A softening in the advertising market also means that Yahoo can no longer play dictator with customers, who find they now get far more favorable terms. At the start of 2000, Yahoo was charging clients $9 for every 1,000 people who viewed an ad. Now, Yahoo is charging as little as $3 per 1,000 visitors, according to Tribal DDB's Tim McHale. (A Yahoo spokeswoman disputes this assertion, claiming ad rates have stabilized and in some instances gone up.) Where once a major portal deal was considered mandatory for any company harboring big dreams, it's now widely viewed as too expensive even at bargain-basement prices. "I don't have anyone coming in here saying, 'Get us on Yahoo,'" says David Sable, CEO of Impiric, a direct marketing firm that helps companies buy portal ads.

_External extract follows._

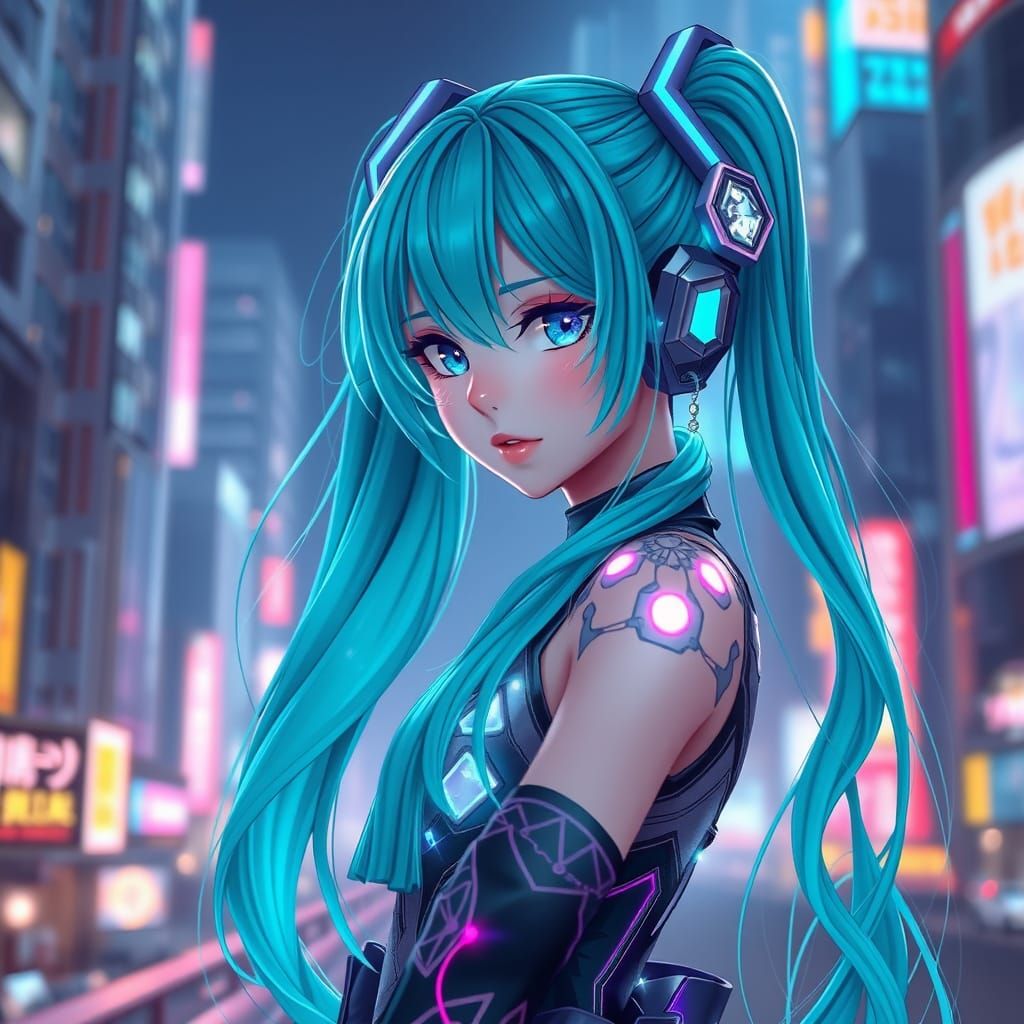 Surreal Cyberpunk Goddess in Glowing Neon Attire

Even analysts, who in the fall were saying that they could find nothing wrong with Yahoo's addiction to ad dollars, are now changing their view. Three months ago, Solomon Smith Barney's Lanny Baker argued there was nothing wrong with turning Yahoo into the next NBC, which gets 100 percent of its revenues from ads. But now Baker says Yahoo needs to diversify or it will be vulnerable to the cyclical nature of the market. Nineteen of the 34 analysts who follow Yahoo rate the stock a "hold" or a "sell" despite its depressed price of $33 per share as of Jan. 19.

Should Yahoo have moved more aggressively to diversify sooner? Yahoo's Mallett, a boyish-looking, fast-talking 36-year-old, says no. "We saw a third of the way through 2000 that the dot-com environment was changing, the advertising environment was changing, and we made the appropriate adjustments."

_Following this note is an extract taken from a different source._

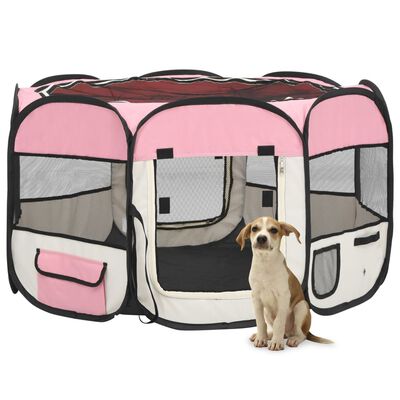 vidaXL Сгъваема кучешка кошара с чанта за носене розова 110x110x58 см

And - counterintuitive as it seems - Yahoo could benefit from the downturn. As smaller dot-coms close their doors, some advertisers are likely to turn to established sites like Yahoo. "We think we are in a position now to take even more share out," says Mallett.

But others aren't too sure. Bear Stearns analyst Jeffrey Fieler, for instance, faults the company for failing to act quickly when advertising revenue started to dive. "In retrospect, you could be critical of them not doing that," Fieler said. "But in early 2000, people were throwing money at the company. It's hard to be disciplined in that environment."

It's uncanny how bad news helps focus a company. "It's been on the radar for years, the fact that the advertising model can't be relied on," says a former Yahoo software developer who recently left the company after four years in its search division. But finding new revenue hadn't been an urgent matter within Yahoo, he said. Only a few months ago top executives had downplayed the importance of diversity. Following Yahoo's gloomy financial forecast in January, however, executives seem to be changing their view, albeit slightly.

"Were going to diversify our revenue mix by growing our commerce and enterprise business by adding more channel partners and more service offerings," says CEO Tim Koogle.

Indeed, one reason the company expects to be far less profitable this year is that it will spend roughly $100 million on new business initiatives in 2001, meaning that two-thirds of Yahoo's new expenditures in 2001 will go to these efforts. Yahoo, says Baker of Salomon Smith Barney, is finally "putting their money where their mouth is."









Correction:
A previous version of this story misstated the amount of transaction fees Yahoo made during the first three quarters of 2000. Yahoo didn't reveal that figure, but said it enabled $3 billion in transactions made by its members during that time.